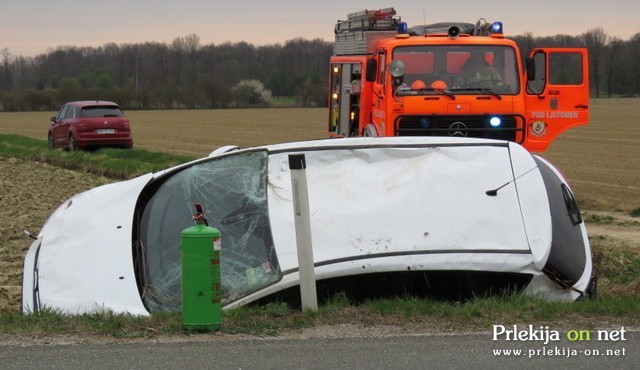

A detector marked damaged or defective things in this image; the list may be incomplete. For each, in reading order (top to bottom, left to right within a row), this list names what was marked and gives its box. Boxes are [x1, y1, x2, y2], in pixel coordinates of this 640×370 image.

overturned white car [22, 137, 596, 316]
damaged vehicle roof [22, 137, 596, 316]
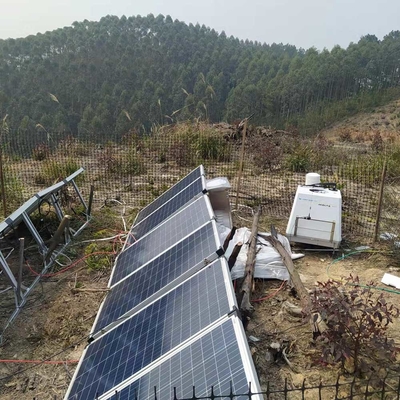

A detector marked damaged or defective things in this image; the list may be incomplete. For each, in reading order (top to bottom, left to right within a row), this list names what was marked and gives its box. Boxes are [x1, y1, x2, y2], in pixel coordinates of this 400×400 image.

broken wood piece [228, 242, 244, 270]
broken wood piece [239, 206, 260, 328]
broken wood piece [260, 228, 310, 312]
________________
__Instructions to follow__
Write the lines out exactly, from the one with "this 400×400 image." down to the last line of the listing, and leave out all others.

__Solved exercise__
A detector marked damaged or defective things in this image; the list may be incomplete. For each, in reading order (top to bottom, left to right within a row), this list names what was marked and gives its box. Boxes are [x1, y1, x2, y2], in pixel coordinates of this 400×400 image.

broken wood piece [228, 242, 244, 270]
broken wood piece [239, 206, 260, 328]
broken wood piece [260, 228, 310, 312]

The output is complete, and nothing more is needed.